Porras v. Jefferson, __ S.W.3rd __ (Tex. App.—Houston [14th Dist.] 2013, no. pet. h.).
A trial court has certain “inherent powers” it can utilize to aid in the exercise of its jurisdiction, in the administration of justice, and in preservation of its independence and integrity. Examples of such powers include the ability to:
- change, set aside or otherwise control judgments;
- summon and compel the attendance of witnesses;
- punish by contempt
- regulate the admission and practice of law;
- provide personnel to aid the court in exercise of its judicial function;
- control the disposition of cases “with economy of time and effort for itself, for counsel, and for litigants”;
- properly intervene to maintain control in the courtroom, to expedite the trial, and to prevent what it considers a waste of time; and
- dismiss a case for want of prosecution.

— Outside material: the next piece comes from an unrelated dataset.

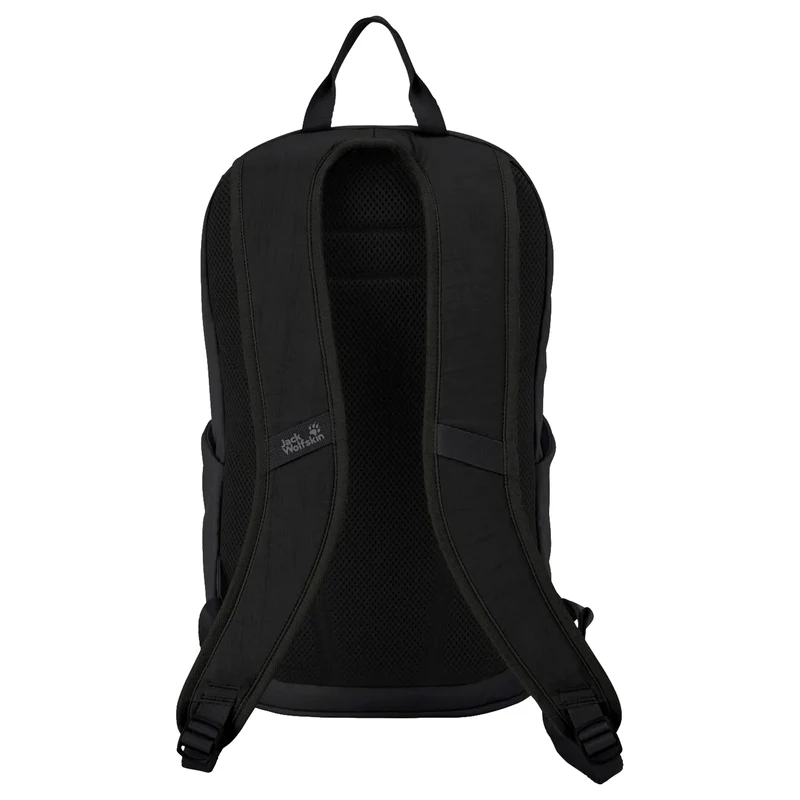 Jack Wolfskin Yuma 18 - Rucksack 15" 46 cm (black)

A trial court’s inherent power does not, however, confer upon the court the authority to adjudicate the merits of claims without a pending motion (e.g., a pending motion for summary judgment or a motion for directed verdict).
The trial court’s order of dismissal in this case explains it all:
In pretrial proceedings, the Court ascertained the nature of this claim together with the evidence upon which this claim is based. Following a review of the evidence and contract in question, along with arguments of counsel on the evidence and the applicable law, the Court finds that there was no breach of contract in question nor recoverable damages.
This, the Fourteenth Court of Appeals, held, was an abuse of discretion.